In order to develop a better sampling strategy to make ‘genetically representative collections’, the project includes a set of activities aimed at better understanding the state of knowledge of the population genetics of the UK’s trees. Maintaining genetic variability in natural populations is key to preserving resilience to emerging pests and diseases, and changes in the environment. Perhaps surprisingly, very few of our tree species have been subject to studies to elucidate their population genetics. The project will first seek to document what is already known and then to develop some actual studies for the highest priority species. It is hoped this work will bring together UK population geneticists from Kew, other botanic gardens and universities. This information will feed directly into species specific sampling strategies.
Another key constraint to the collecting programme is that some species have ‘difficult’ seeds, and are either difficult to store in the seed bank using conventional procedures, or are very short-lived in the bank, or both. Again, the project will conduct a review to flag such species and overcome as many of the identified constraints as possible. This work will be carried out by seed scientists at the MSB, in conjunction with our partners in Forestry Commission and elsewhere.

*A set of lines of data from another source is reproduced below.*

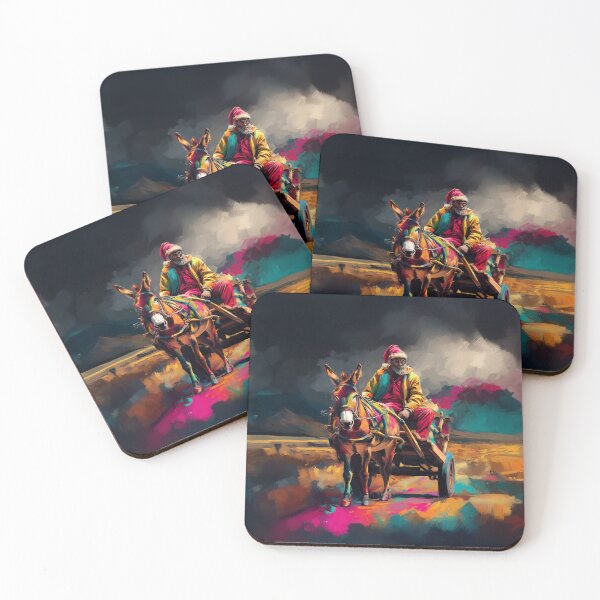 Item preview, Karoo Santa – African Christmas Donkey Ride designed and sold by KoosGagiano.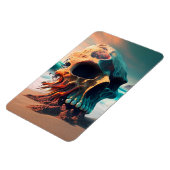 Skull on the Beach Magnet (Linke Seite)
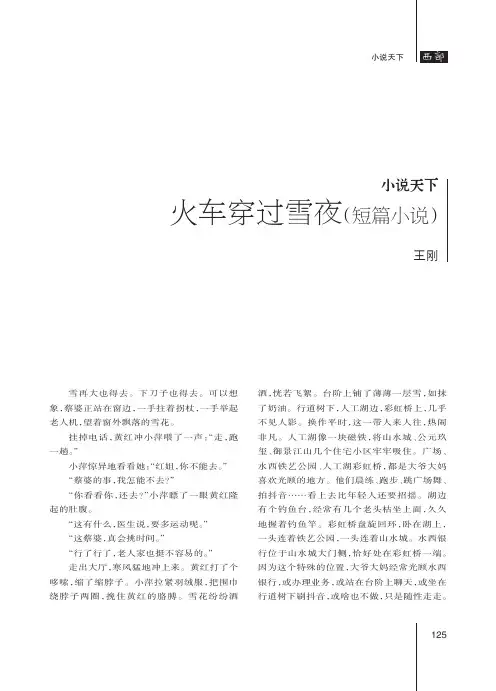 火车穿过雪夜（短篇小说）
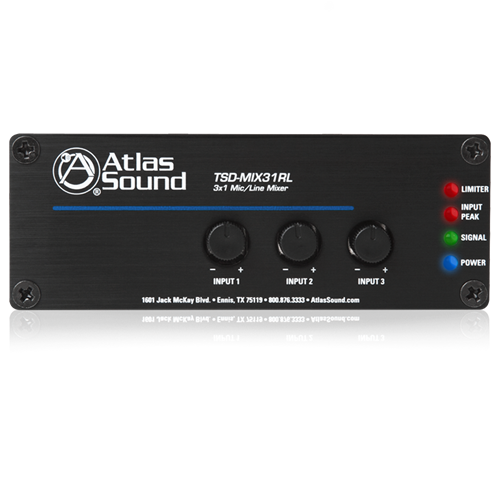 TSD-MIX31RL 3 X 1 MIC/LINE MIXER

Just one year into this exciting project we are already made great progress. In 2013 Kew, Forestry Commission and Woodland Trust worked together to make 50 seed collections. The majority of these were of ash (Fraxinus excelsior) and juniper (Juniperus communis), which are both subject to intense threat from pathogens. Seed was collected from ash trees right across eastern and central England – the regions under highest threat from ash dieback. Over the course of the project I’m looking forward to developing close collaborations with a wide range of scientists, conservationists, foresters and keen volunteers to achieve the ambitious goals which we have set ourselves.
- Clare -
Independent Panel on Forestry (2012). Independent Panel on Forestry. Final Report. Available online
Read, D.J., Freer-Smith, P.H., Morison, J.I.L., N., West, C.C. & Snowdon, P. (eds). (2009). Combating climate change – a role for UK forests. An Assessment of the potential of the UK’s trees and woodlands to mitigate and adapt to climate change. The synthesis report. The Stationery Office. Edinburgh
National Ecosystem Assessment (2011). National Ecosystem Assessment Synthesis of Key Findings. UNEP-WCMC. Cambridge
Tree Health and Plant Biosecurity Expert Taskforce (2013). Tree Health and Plant Biosecurity Exert Taskforce Final Report.